Подыскивая слова, Макс кинул книгу в чемодан. Кольвиц кивнула:
— Понимаю. Почему же им, великим, можно было писать вельмож, а мне, Максу Рихтеру, фрау Кольвиц запрещает? Так?
Он не ответил, лишь стиснул руки так, что пальцы хрустнули в суставах. Обозлился: «Как у нервничающей кокотки!»
— Веласкес жил триста лет назад. Выходит, за три века мы ничуть не ушли вперед? Служили и будем служить только тем, кто может платить за счет ближних? Будем писать только элиту, только сливки общества? А как же те, кто хлеб растит, кто металл варит, кто холсты ткет и краски добывает для наших полотен? Они недостойны наших кисти и резца, так как бедны, бесправны?
Художница снова остановилась перед эскизом портрета Геббельса, скрестив руки на груди и слегка откинув назад гордую седую голову. Губы, обычно слегка выпяченные, сжала в прямую линию. Вздохнув, подошла к столу, к Максу. Смотрела на его ссутуленную спину, на которой горбом топорщилась новая куртка из малинового бархата, на мягкие белокурые волосы: мальчишка, совсем мальчишка! Но — с гонором. Ему в тягость любая опека.
И он заметил, что голос Кольвиц зазвучал тихо, доверительно. Она называла его Максом, словно родного сына. Кстати, как звали ее младшего сына, погибшего в прошлую мировую войну? Не Максом ли? Нет, его звали Петером. Говорят, ему было восемнадцать…
— Есть такое выражение, Макс: не бойся начала, бойся — конца. Мне тяжело и скорбно оттого, что одареннейшие молодые люди отдают свой талант духу алчности. Горек хлеб настоящего искусства в сегодняшней Германии, горек, Макс. Однако еще горше будет конец у тех, для кого сегодня тот хлеб сладок. Это я твердо знаю… Вот набросок портрета. Он исполнен уверенной рукой мастера. Но кого вы пишете, Макс! Апостола какой морали?
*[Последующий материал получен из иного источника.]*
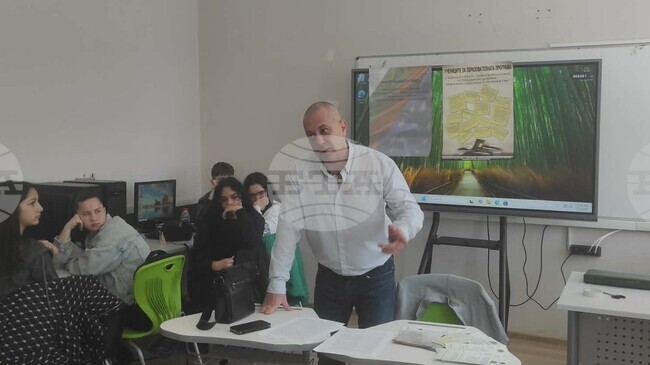 За разликите между наказателното правосъдие за деца и пълнолетни говори пред гимназисти заместник-окръжният прокурор на Търговище 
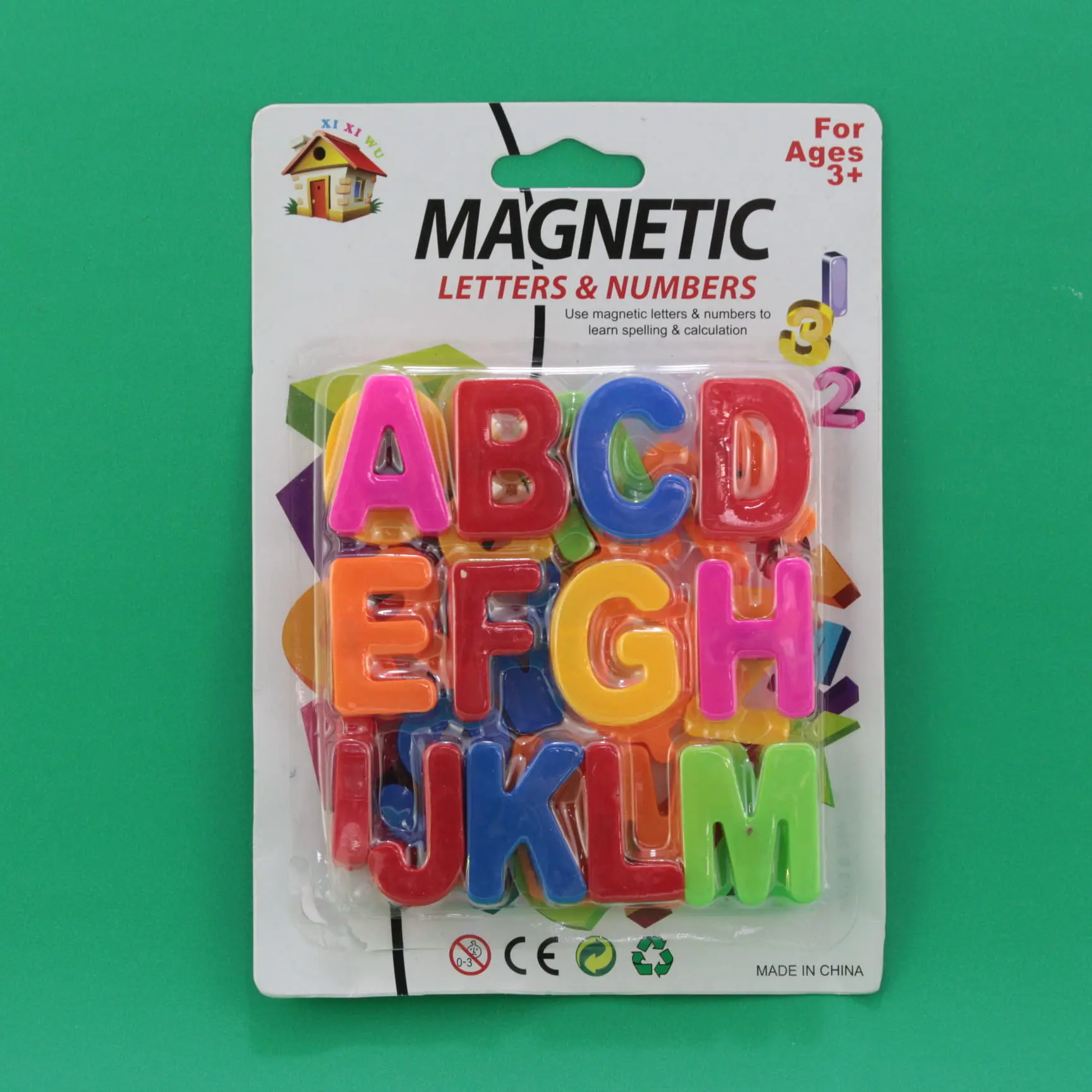 Empaque con letras imantadas plásticas de colores variados dispuestas en tres filas, mostrando desde la A hasta la M sobre fondo verde.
Макс вздрогнул: она очень точно угадала, он ведь и правда за пример взял апостола с картины Дюрера. Исподлобья следил, как прохаживалась по комнате художница.
— Вы пишете величайшего со времен средневековья инквизитора! Придет время, и вы, Макс, будете стыдиться этого портрета, вы будете казниться собственной совестью.